Pienso como un genio, escribo
como un autor distinguido y hablo como un niño. Durante mi carrera docente en
Norteamérica, desde mero lector a profesor titular, nunca he facilitado a mi
auditorio ni una parcela de información que no estuviese preparada de antemano
en forma de nota mecanografiada que tenía ante la vista en el atril. Mis
balbuceos y tartamudeos cuando me pongo al teléfono motivan que los
interlocutores de larga distancia pasen de dirigirse a mí en su inglés nativo a
hacerlo en un francés patético. En las reuniones, cuando trato de entretener a
los invitados con una anécdota interesante, me veo obligado a repetir una y
otra frase para matizar y hacer incisos. Hasta el sueño que le describo a mi
mujer durante el desayuno no pasa de ser un borrador.

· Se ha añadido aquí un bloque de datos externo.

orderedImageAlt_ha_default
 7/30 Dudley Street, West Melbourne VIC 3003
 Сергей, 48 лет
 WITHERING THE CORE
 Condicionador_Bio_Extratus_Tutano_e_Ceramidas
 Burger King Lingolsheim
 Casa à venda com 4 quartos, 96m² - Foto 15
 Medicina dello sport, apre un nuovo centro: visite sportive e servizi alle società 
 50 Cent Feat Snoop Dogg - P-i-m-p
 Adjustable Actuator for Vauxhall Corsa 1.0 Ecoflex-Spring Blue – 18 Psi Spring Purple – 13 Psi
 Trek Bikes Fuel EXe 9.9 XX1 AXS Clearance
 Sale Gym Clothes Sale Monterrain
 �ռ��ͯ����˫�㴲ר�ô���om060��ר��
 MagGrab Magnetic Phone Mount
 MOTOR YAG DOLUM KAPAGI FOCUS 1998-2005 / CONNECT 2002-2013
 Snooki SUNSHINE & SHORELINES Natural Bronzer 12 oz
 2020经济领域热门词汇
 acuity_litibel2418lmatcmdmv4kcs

Dadas estas circunstancias, creo
que a nadie se le ocurriría pedirme que me someta a una entrevista, si por “entrevista”
se supone una charla entre dos seres humanos normales. Pues bien, lo han
intentado por lo menos dos veces hace ya tiempo, y en una ocasión en presencia
de un magnetófono; y cuando me volvieron a pasar la cinta y acabé de reírme,
decidí que Nunca en la vida volvería a
repetir esa hazaña. Hoy día tomo todas las precauciones necesarias para estar
seguro de que el golpe que reciba del abanico del mandarín será digno.